Coordinate Transformation Calculator

Exploring Geometric Transformations

Introduction (what this calculator does)

Coordinate transformations describe how a point or a whole figure moves on the coordinate plane. In school geometry, the most common single-step transformations are translations (slides), reflections (mirror flips), rotations (turns), and dilations (scales). This calculator focuses on transforming a single point, which is the building block for transforming polygons: you apply the same rule to every vertex.

The tool is designed for quick checks while studying congruence and similarity, verifying homework, or building intuition about how algebraic rules correspond to geometric motion. All calculations run locally in your browser, so you can use it in class, at home, or during a test review without installing anything.

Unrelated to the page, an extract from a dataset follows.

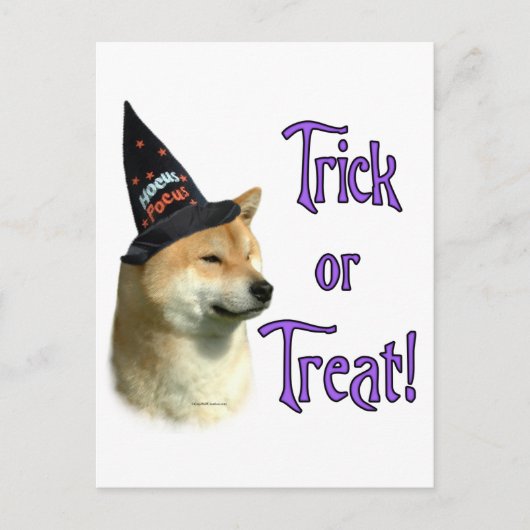 Shiba Inu Trick Postkarte (Vorderseite)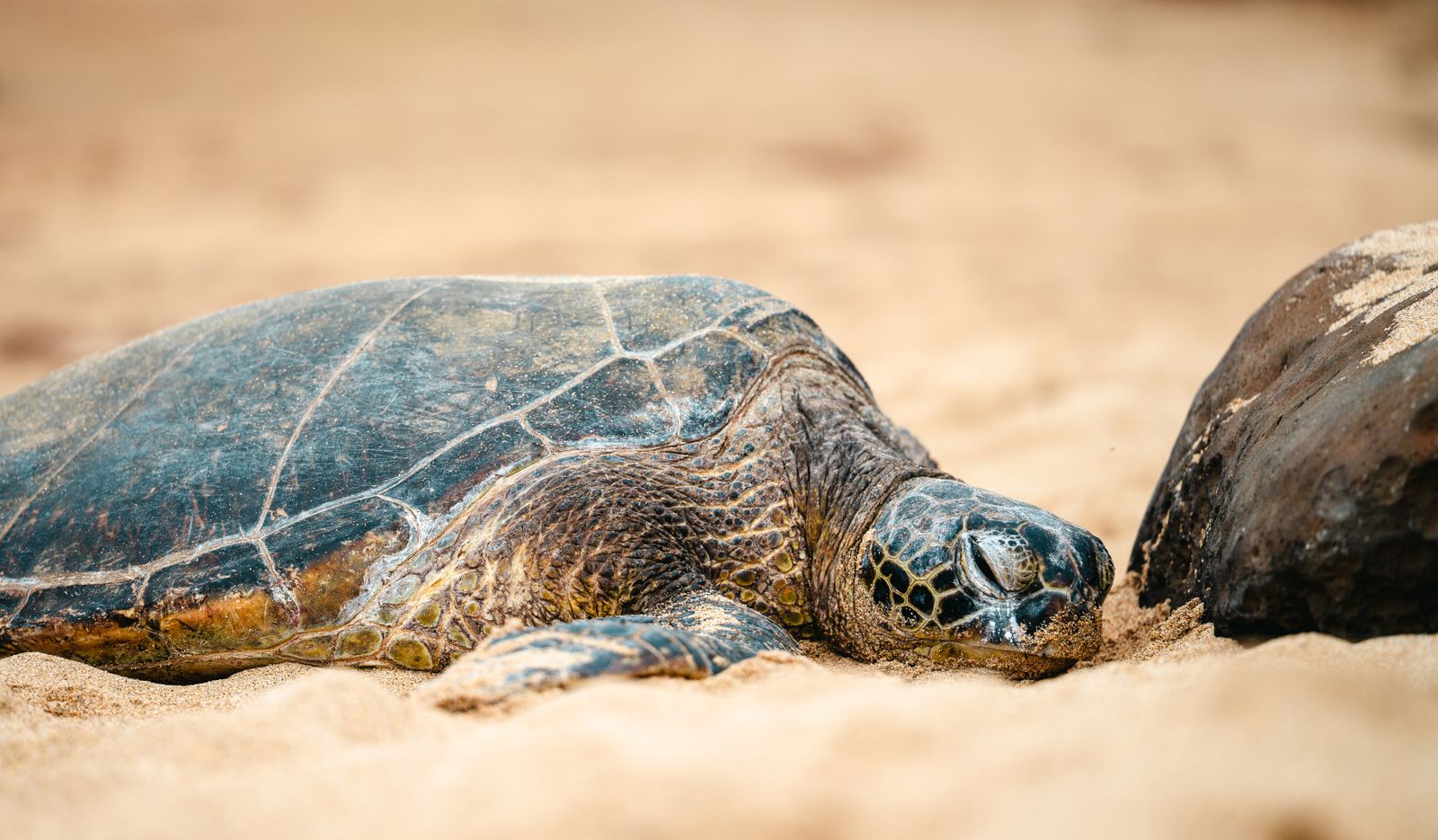 A serene close-up of a sea turtle resting on a sandy beach, exuding calmness and tranquility.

The transformations implemented here are the standard “textbook” versions: translations by a horizontal and vertical amount, reflections across common axes/lines, rotations about the origin, and dilations from the origin. These are the same rules you see in coordinate geometry units and in many standardized exam questions.

How to use the calculator (step-by-step)

1. Type the original coordinates into Original x and Original y.
2. Select a Transformation type (translation, reflection, rotation, or dilation).
3. When extra inputs appear (for example dx, dy, angle, or scale factor), enter the values you want.
4. Press Transform to display the new point in the results panel.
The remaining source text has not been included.